Mila – The Venice Diplomatic Society, at its core, strives to enhance the university experience not only for International Relations students but many others as well. We achieve this by engaging in projects and events that put into practice the knowledge gained from an International Relations degree. It can be considered almost like a year-long internship.”

Giovanni explains further: the Venice Diplomatic Society aims to create a space where students and young people can freely learn about and debate topics in the international dimensions of politics, economics, and law. This includes international relations, diplomacy, international law and international economics. We have a strong multidisciplinary and interdisciplinary focus, encompassing international, European, and national perspectives. Our interests being so broad, we organise a wide spectrum of activities to reflect them and provide space for participation as there are yet not many opportunities in Venice for discussion on such topics. Specifically, we organise debates, publish articles on our blog, and run a programme called “VDS@School” as part of the “Percorsi per le Competenze Trasversali e per l’Orientamento” (PCTO), a governmental initiative targeting students in the last three years of high school at the national level. This programme allows them to gain basic, yet hands-on knowledge in public institutions, or private companies, helping them better understand their vocations and talents, and consequently guiding their future choices after school. We designed this programme specifically for school groups from Italy. As part of this, we visit high schools in Venice or the rest of the Veneto region to simulate the knowledge transfer of the decision-making process of the United Nations.
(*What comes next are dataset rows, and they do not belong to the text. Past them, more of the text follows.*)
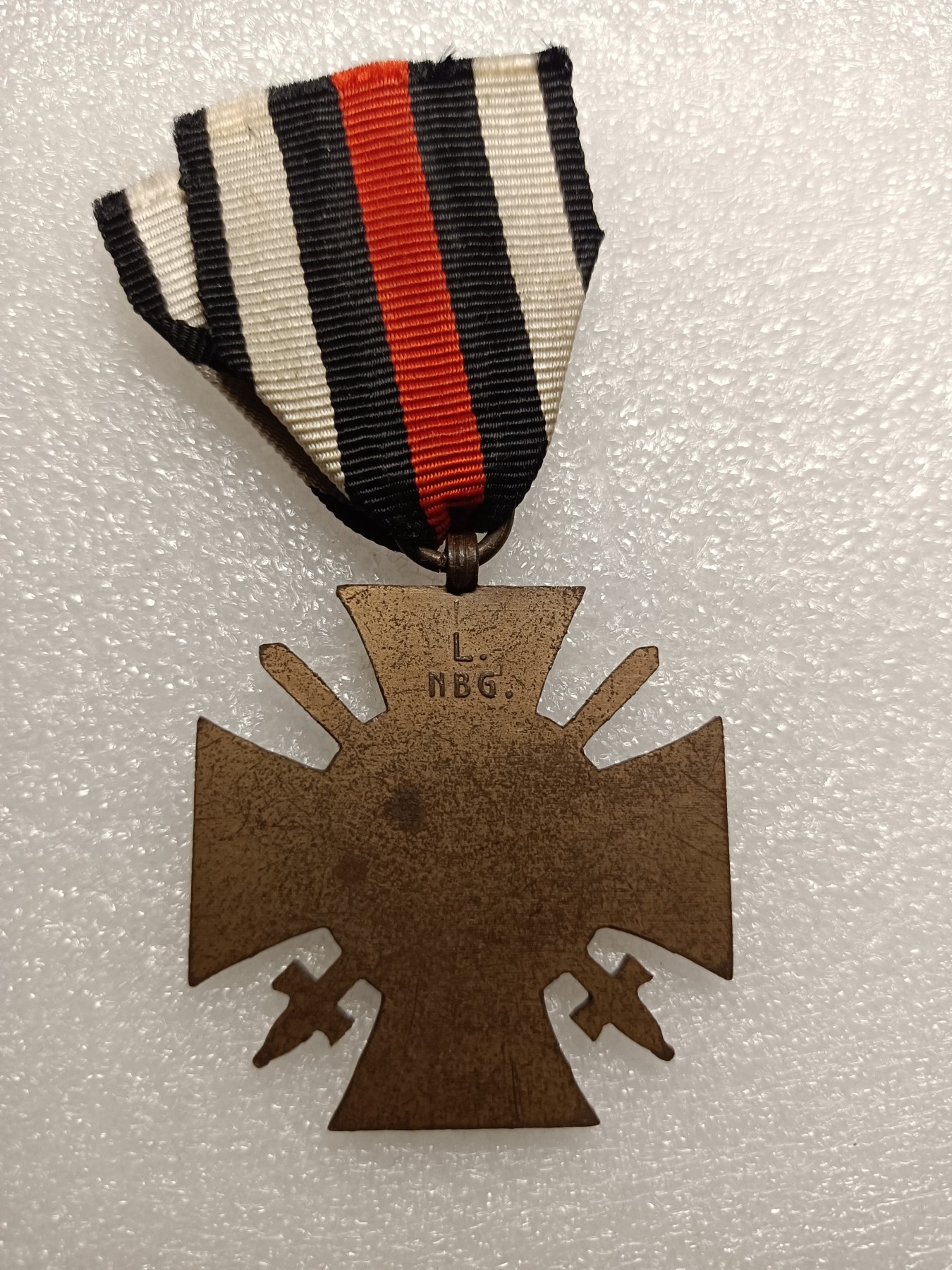 阿娜斯塔西亚军事题材拍卖第五期 魏玛军人版兴登堡奖章背后带l.nbg厂标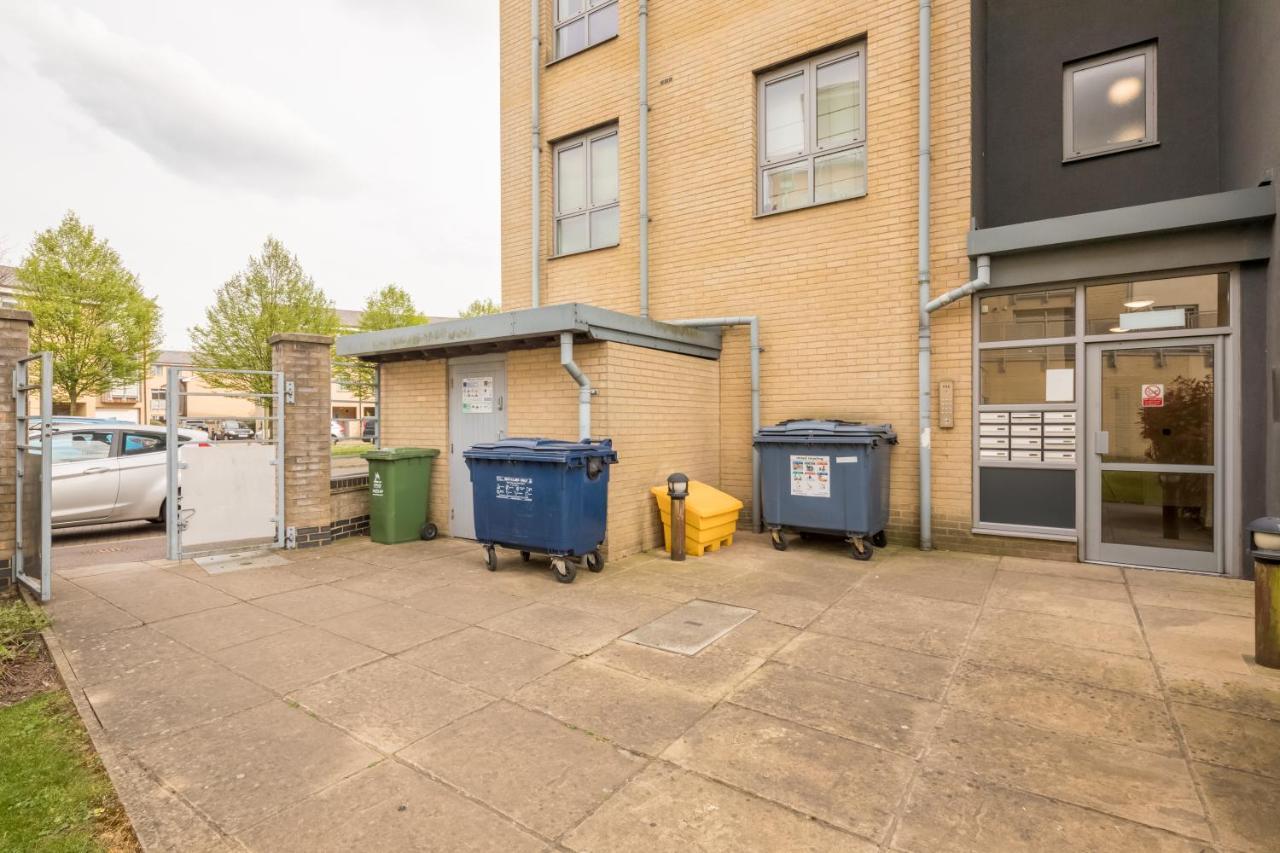Executive 2Br Apartment Next To Station + Parking CBG Exterior foto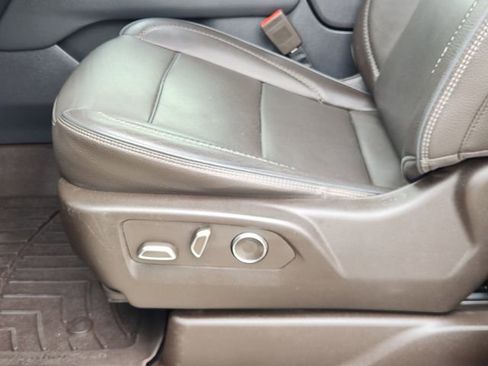 Used 2023 GMC Yukon XL Denali AWD/4WD image 24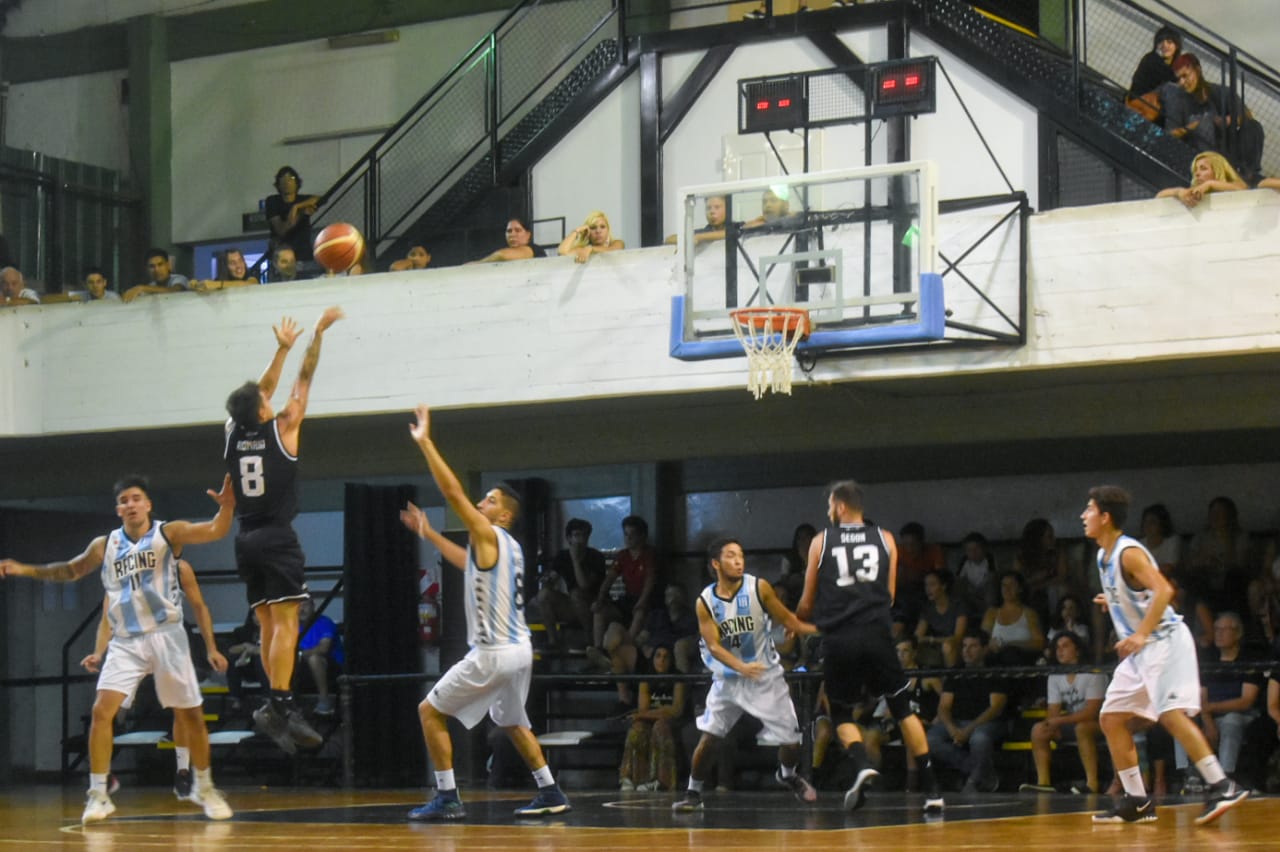 Los Indios venció a Racing y no quiere perder pisada
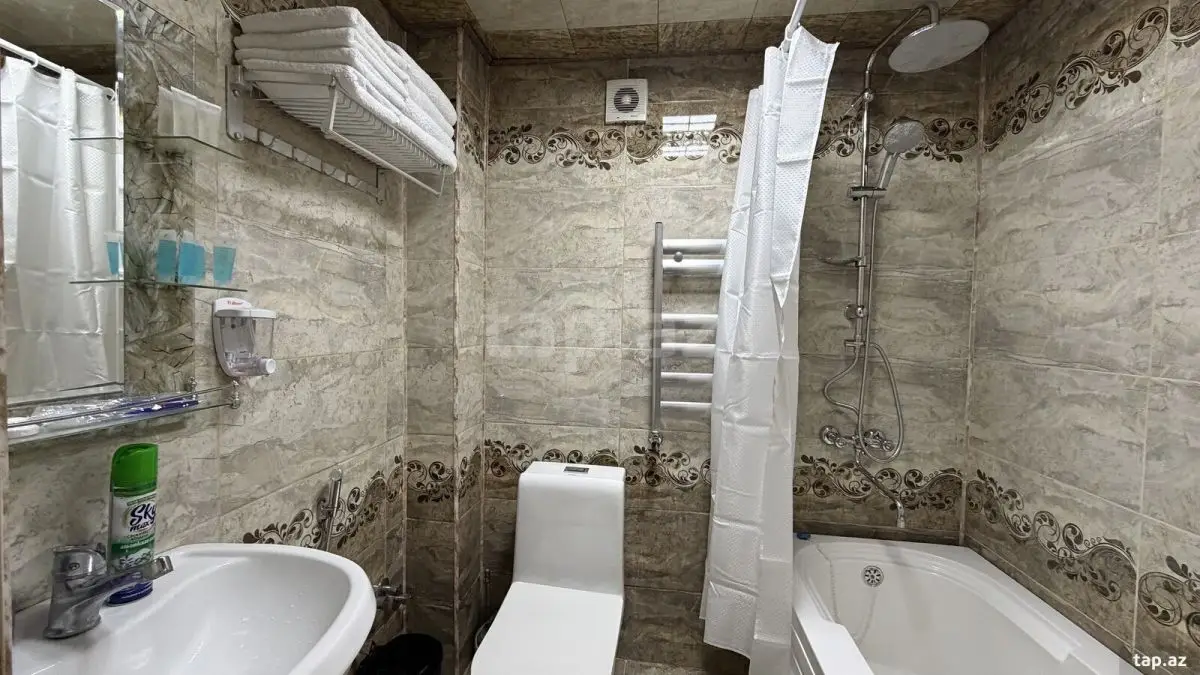 550 AZN - 3 otaqlı mənzil Kirayə (aylıq), Şəki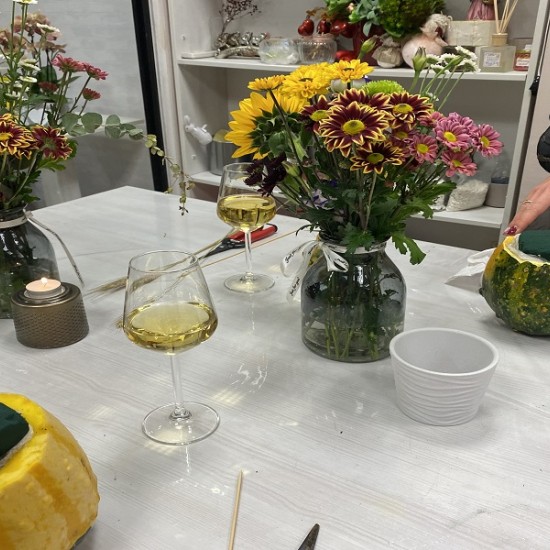 Опознайте света на цветята с Флористика на по чаша вино от Makaroon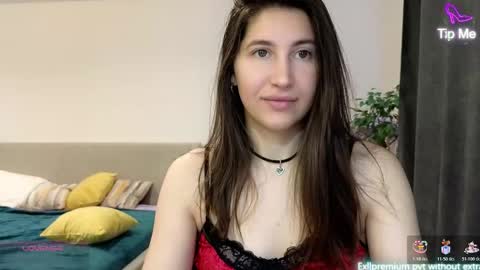 Snapshot of marrycolins chatting on February 2026 03:05:02 AM marrycolins online show from February 2026 03:05:02 AM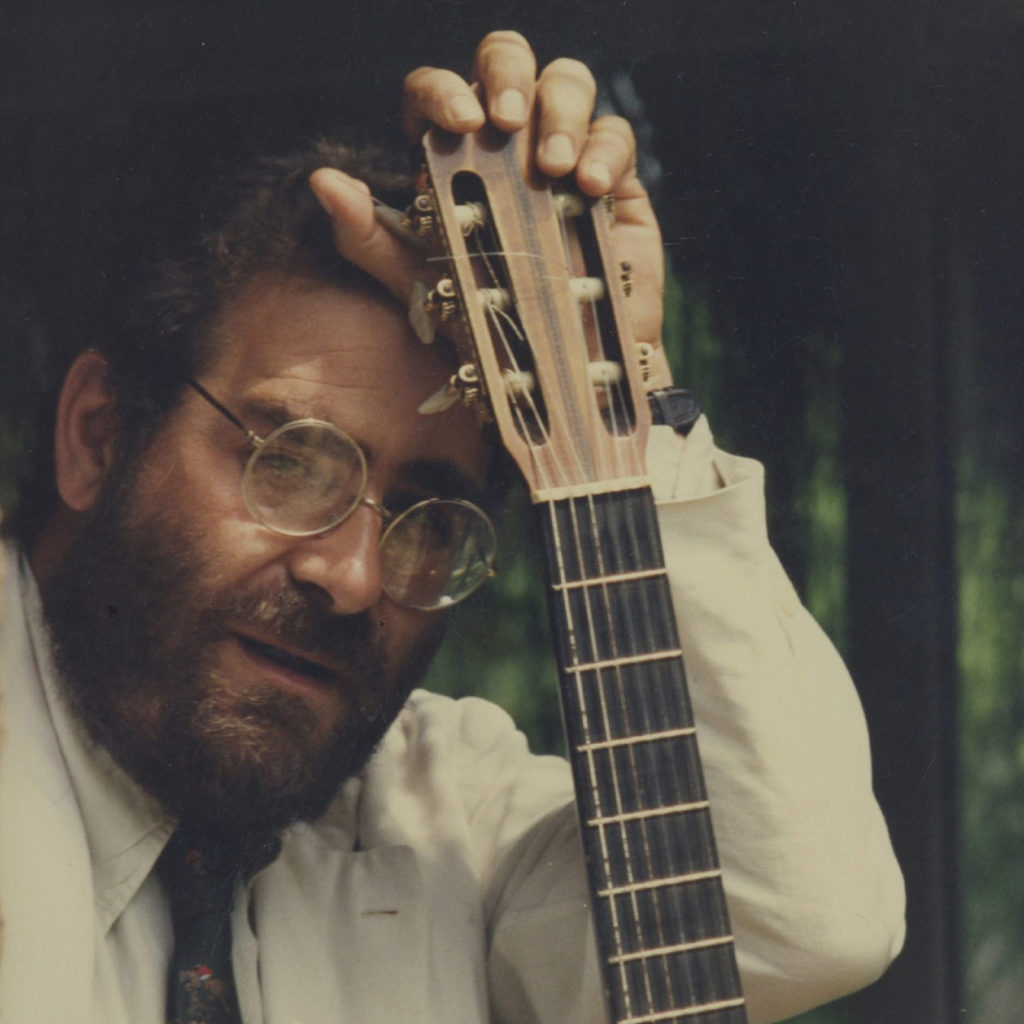 Paolo Pietrangeli è una figura importante per la cultura e lo spettacolo in Italia. Non solo come cantautore ma anche come regista cinematografico e televisivo (uno dei più apprezzati degli ultimi decenni) e anche come scrittore. Nella sua lunga storia è stato anche aiuto regista di mostri sacri come Luchino Visconti, Federico Fellini, Mauro Bolognini.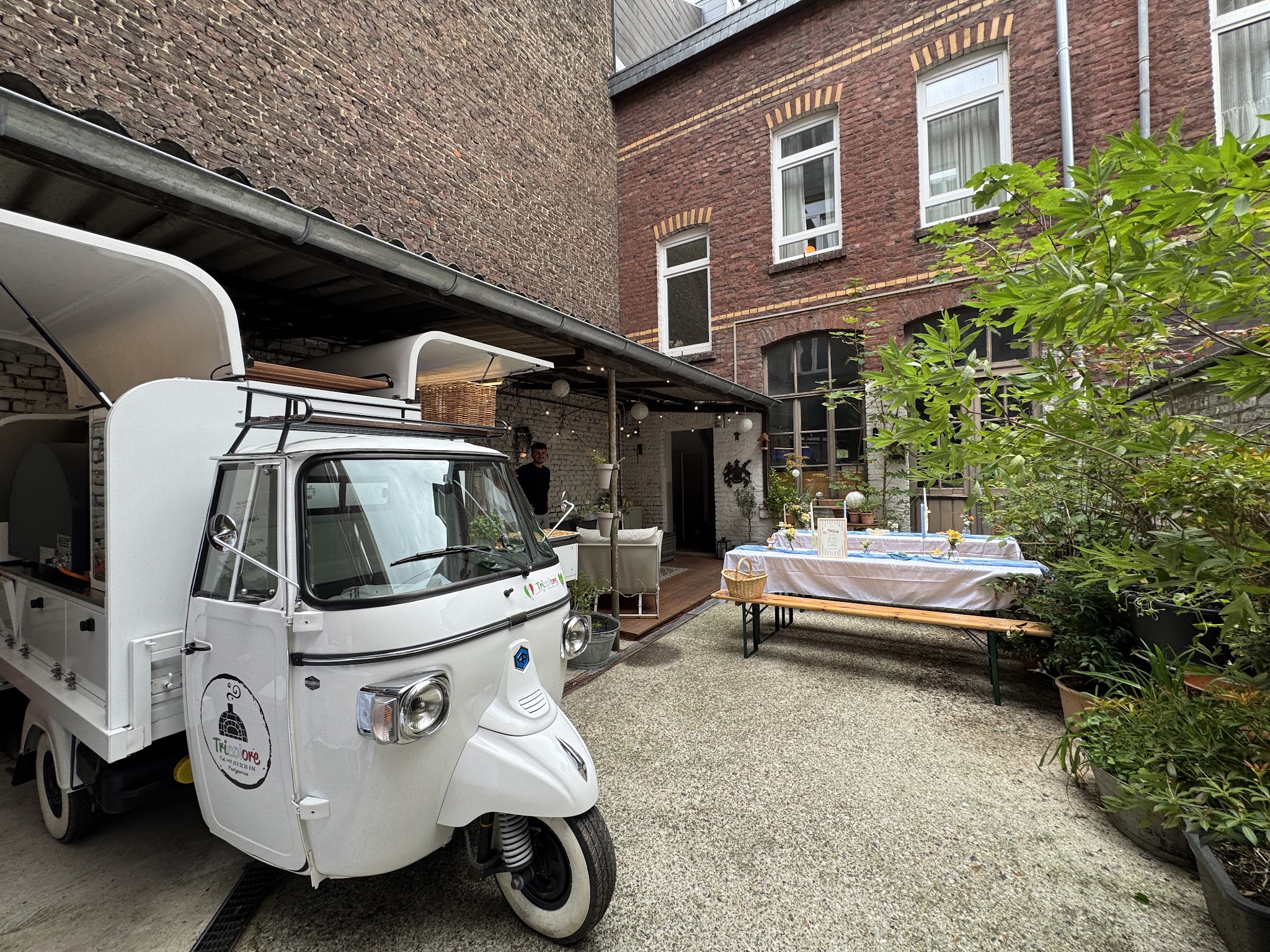 Der Tricolore Pizza Ape im Innenhof einer Eventlocation in Aachen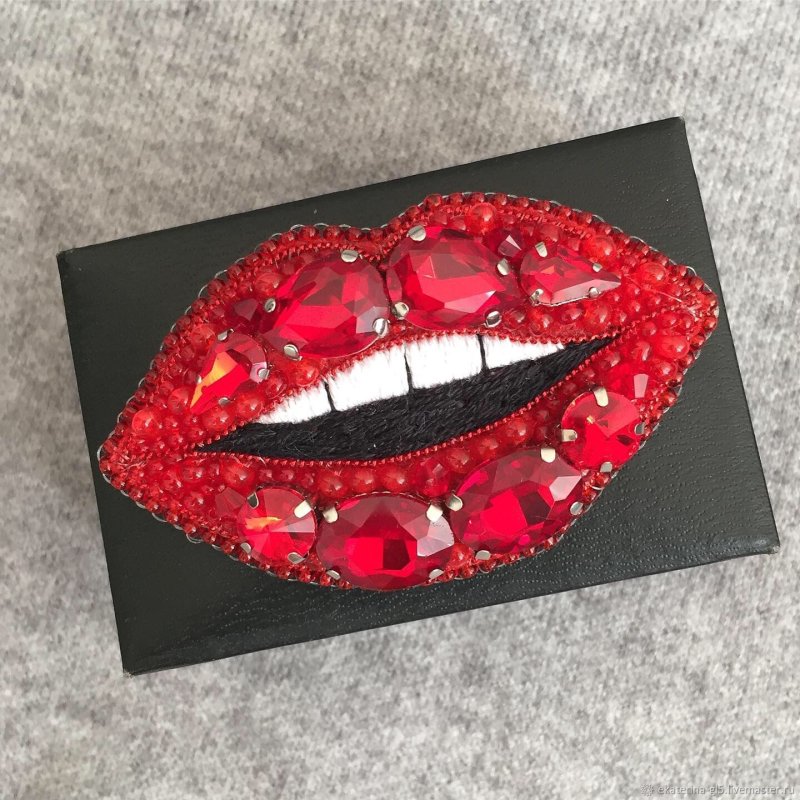 Брошь губы из бисера
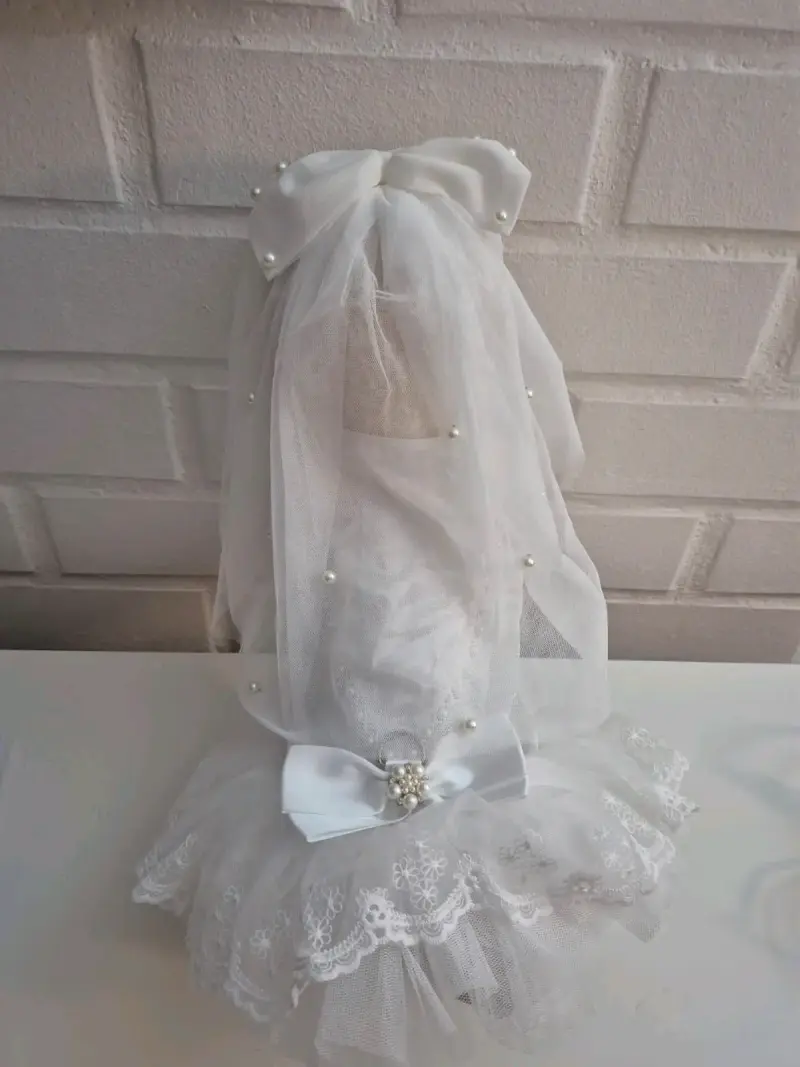 Vestido de novia para perro con encaje y perlas - 1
You mentioned Venice University’s Model European Union, which is generally held during Europe Week. This year’s edition just concluded. Could you explain in more detail how this works?

First of all, VeUMEU is a simulation of the EU legislative and decision-making process, specifically focusing on the two institutions responsible for debating and approving legislation: the European Parliament and the Council of the European Union. These simulations are based on real-life legislative proposals from the European Commission. This year, we debated two topics at the forefront of the European political agenda: the regulation on asylum and migration management, in particular the new Pact on Migration and Asylum voted by the European Parliament on 10 April 2024 then formally adopted by the Council of the EU on 14 May 2024, and the directive on empowering consumers for the Green Transition approved by the Council 20 February 2024.

The event is organised by the Venice Diplomatic Society in cooperation with Venice International University (VIU), a consortium of universities based in San Servolo. Several universities are part of this consortium, including Ca’ Foscari University of Venice, and we reserve spots at our events for applicants from these institutions who can apply for simulation positions as members of the European Parliament or Ministers in the Council.

The Venice Diplomatic Society and VIU organise this event together, supported by our partners: Ca’ Foscari University of Venice, Europe Direct Venice, the Global Campus of Human Rights, and Servizi Metropolitani di Venezia. Additionally, the European Parliamentary Research Service (EPRS) supports and oversees our simulation, sending representatives annually to monitor the event and give guest speeches on the regulations or directives being discussed.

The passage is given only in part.